1941–1945: The dismemberment of Yugoslavia by the Axis Powers.

1918: The defeat of the Austro-Hungarian Empire; the creation of the state of Slovenes, Croats and Serbs; the Kingdom of Serbs, Croats and Slovenes, renamed the Kingdom of Yugoslavia in 1929.

1848: Unified Slovenia, the first Slovenian political programme.

1809–1813: Napoleonic occupation – the Illyrian Provinces.

18th century: The Enlightenment and compulsory universal education.

1550: Protestantism; the first book in the Slovenian language.

15th to 17th centuries: Peasant revolts.

15th century: Turkish invasions begin.

14th to 15th centuries: Most of the territory of Slovenia, including all its hereditary estates, is taken over by the Habsburgs; in 1456, the Counts of Celje, the last feudal dynasty in Slovenia, die out.

11th to 14th centuries: The development of medieval towns in Slovenia.

11th century: The regions of Carniola, Styria, Carinthia and Gorizia begin to develop; intensive German colonisation.

10th century: The appearance of the Freising Manuscripts, the earliest known text written in Slovenian.

9th century: The spread of the Frankish feudal system; the Slovenian nation begins to form.

8th century: The beginnings of the conversion to Christianity.

7th to 11th century: The State of Carantania, the oldest known independent

Slavonic tribal union in this region.

After 568: Dominance of Slavic people on the territory of Slovenia.

5th and 6th century CE: Invasions by the Huns and Germanic tribes.

Around 10 BCE: The Roman Empire; the appearance of the first towns.

4th and 3rd century BCE: The arrival of Celts; the Noricum Kingdom.

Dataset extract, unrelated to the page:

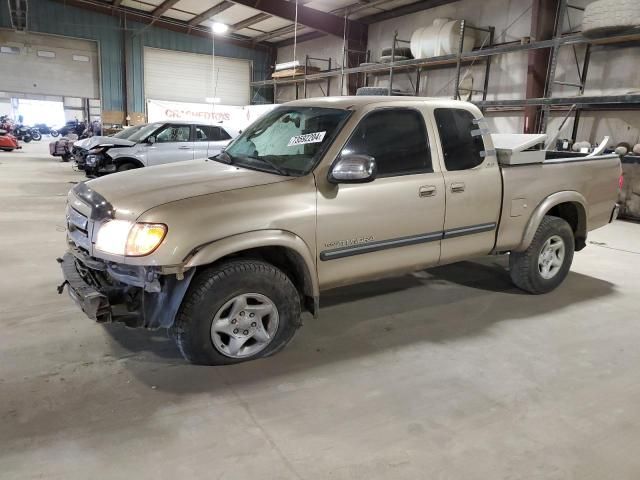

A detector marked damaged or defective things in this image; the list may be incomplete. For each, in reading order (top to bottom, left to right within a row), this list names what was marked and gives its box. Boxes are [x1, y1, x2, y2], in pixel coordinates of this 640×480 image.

damaged front bumper [59, 248, 195, 330]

120,000 to 1,300 BCE: Remains from the early Stone Age – the Palaeolithic; among them the oldest musical instrument in the world; evidence of hunting and Urnfield culture.

250,000 BCE: The first evidence of human habitation on the territory of present-day Slovenia (two tools made of stone from Jama Cave in the Loza Woods near Orehek).